Al ver a los alienígenas frente a ellos, los caballeros se dieron cuenta de que todo iba según el plan.
Tal como Sullivan había dicho durante la sesión informativa, los alienígenas realmente intentarían igualar sus números.
Por eso no podían permitirse fallar.
Los caballeros parecían entusiasmados cuando uno de los oficiales dijo:
—¡Mátenlos!
—¡Uoohh!
Los caballeros inmediatamente cargaron contra los alienígenas.
Los alienígenas eran lo suficientemente inteligentes para saber que la mayor amenaza eran los caballeros del centro, especialmente con Sullivan entre ellos.
Sin embargo, los alienígenas no se dieron cuenta de que esos caballeros eran en realidad los más débiles que tenían, mientras que Sullivan había posicionado a los más fuertes en los flancos.
Por eso, en el momento en que estos caballeros chocaron con los alienígenas, los aniquilaron.
Aquellos que tenían su Ena realmente cortaron a múltiples alienígenas de un solo golpe.
Aquellos que no tenían Ena mataban alienígenas en dos o tres golpes.
Demostraron su fuerza y experiencia en el campo de batalla.
Y por eso, cinco minutos después de iniciada la pelea, aplastaron a los cincuenta alienígenas en su camino.
Ambos lados aplastaron a sus respectivos oponentes casi al mismo tiempo.
Avanzaron más allá de las filas enemigas y se dieron la vuelta, observando las espaldas expuestas.
—¡Mátenlos!
—rugieron los caballeros.
Los alienígenas los notaron un poco tarde, ya que los caballeros los golpearon antes de que pudieran defenderse.
Puede que no estuvieran huyendo, pero los alienígenas no podían aprovechar su número.
De hecho, su número era lo que los estaba arrastrando hacia abajo.
Los alienígenas en la retaguardia intentaron darse la vuelta, pero no pudieron hacer nada contra la abrumadora fuerza de los caballeros más fuertes.
Los flancos también habían sido bloqueados por soldados de élite, mientras que su dirección original estaba detenida por Sullivan y la mayoría de los caballeros.
Con esto, no había nada que detuviera a los humanos de exterminar a los alienígenas.
—Esto es…
—Sullivan jadeó.
Nunca había pensado que esto fuera posible.
Con él y los soldados soportando todo el peso de los alienígenas en el frente, sus soldados de élite crearían muros tanto en el lado izquierdo como en el derecho, impidiendo que los soldados escaparan.

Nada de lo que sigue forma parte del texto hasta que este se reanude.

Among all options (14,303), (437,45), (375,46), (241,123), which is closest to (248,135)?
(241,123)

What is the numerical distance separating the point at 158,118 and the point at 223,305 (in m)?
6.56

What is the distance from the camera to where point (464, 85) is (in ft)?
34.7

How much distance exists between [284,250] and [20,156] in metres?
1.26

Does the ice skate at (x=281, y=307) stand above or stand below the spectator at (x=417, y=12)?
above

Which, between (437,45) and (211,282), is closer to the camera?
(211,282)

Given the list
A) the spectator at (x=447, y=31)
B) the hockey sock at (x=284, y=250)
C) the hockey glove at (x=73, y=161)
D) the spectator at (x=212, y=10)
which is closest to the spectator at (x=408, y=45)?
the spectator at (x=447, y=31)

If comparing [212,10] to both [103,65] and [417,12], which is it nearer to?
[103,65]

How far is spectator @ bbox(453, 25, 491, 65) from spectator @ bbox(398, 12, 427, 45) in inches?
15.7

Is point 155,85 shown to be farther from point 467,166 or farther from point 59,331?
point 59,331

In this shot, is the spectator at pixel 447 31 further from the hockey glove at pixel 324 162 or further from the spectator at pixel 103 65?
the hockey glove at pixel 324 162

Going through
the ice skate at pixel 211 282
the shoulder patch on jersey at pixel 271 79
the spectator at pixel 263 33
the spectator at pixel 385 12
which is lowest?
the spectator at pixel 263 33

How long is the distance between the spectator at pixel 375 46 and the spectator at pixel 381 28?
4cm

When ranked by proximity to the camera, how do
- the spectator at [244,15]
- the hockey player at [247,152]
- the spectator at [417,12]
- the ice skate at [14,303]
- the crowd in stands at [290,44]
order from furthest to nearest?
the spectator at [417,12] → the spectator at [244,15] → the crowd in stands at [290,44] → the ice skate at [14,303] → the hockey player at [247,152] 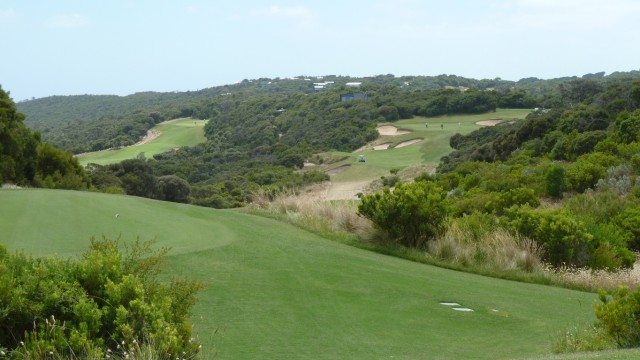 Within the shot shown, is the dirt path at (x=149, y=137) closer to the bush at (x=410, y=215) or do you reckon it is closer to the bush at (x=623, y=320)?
the bush at (x=410, y=215)

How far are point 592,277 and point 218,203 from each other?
978 inches

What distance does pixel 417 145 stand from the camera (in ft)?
229

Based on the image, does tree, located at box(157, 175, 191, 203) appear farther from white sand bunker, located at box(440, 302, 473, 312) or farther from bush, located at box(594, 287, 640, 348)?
bush, located at box(594, 287, 640, 348)

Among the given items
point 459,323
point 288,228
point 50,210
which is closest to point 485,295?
point 459,323

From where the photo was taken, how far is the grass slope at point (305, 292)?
706 cm

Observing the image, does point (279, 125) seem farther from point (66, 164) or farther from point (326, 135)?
point (66, 164)

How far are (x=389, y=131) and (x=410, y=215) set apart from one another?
225 feet

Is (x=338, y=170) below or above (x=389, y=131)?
below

Por último, pero no menos importante, sus oficiales llevaron a un pequeño grupo de soldados y los flanquearon por detrás.
En otras palabras, las cuatro direcciones habían sido completamente selladas, y los soldados comenzarían su matanza.
Los alienígenas hicieron todo lo posible por liberarse, pero debido a su número y posición, terminaron acercándose más entre sí, especialmente con Sullivan y la mayoría de sus soldados sosteniendo el frente.
Sullivan no pudo evitar recordar lo que Nathan le había dicho dos días antes.
«Por lo que veo, es como si los alienígenas fueran inteligentes.
Sin embargo, son solo más inteligentes que una persona normal, no un general militar.
La forma en que luchamos siempre ha estado cambiando porque seguimos mejorando un método u otro, lo que termina convirtiéndose en estrategias.
»Incluso si los alienígenas son inteligentes, solo lo son algunos de ellos.
Incluso ellos no podrán darse cuenta de la verdadera intención de nuestras tácticas.
»Por eso estoy pensando que realmente podemos derrotarlos mediante tácticas militares normales».
Sullivan entrecerró los ojos.
No podía negar realmente esa idea.
Si bien era cierto que los alienígenas eran fuertes e inteligentes, no parecían estar civilizados.
Por eso podría funcionar.
Era bastante sorprendente que un plebeyo normal como Nathan pudiera darse cuenta.
Nathan dijo:
—Estoy pensando en usar un método para ganar sin perder demasiado.
Esta es una táctica que puede entrenar a los caballeros mientras tiene pérdidas mínimas.
Ver el número de oficiales y tenerte en el campo de batalla garantizará su éxito…
—¿De qué tipo de táctica estás hablando?
—Me gustaría que colocaras a la mayoría de tus soldados ligeramente abultados hacia afuera.
Sullivan frunció el ceño.
—¿Estás loco?
Aquellos en la punta del bulto definitivamente serán los primeros en ser atacados.
—Lo sé.
—Y los alienígenas son mucho más fuertes de lo que piensas.
Si los combatimos de esta manera, intentarán crear un agujero en nuestras filas.
Cuando eso suceda, será un desastre.
—Lo sé.
Por eso estarás entre ellos, inspirando a los caballeros.
Y posicionarás a tu fuerza de élite en el exterior.
Sullivan de repente se quedó en silencio, imaginando la posición de los caballeros.
—¿Contención?
—Sí.
Como era de esperar de un viejo general con ricas experiencias, inmediatamente vio a través del plan de Nathan.
—No me digas.
¿Estás planeando poner la lanza asesina en el exterior?
Eso también significa posicionar a los caballeros más fuertes en esos dos puntos.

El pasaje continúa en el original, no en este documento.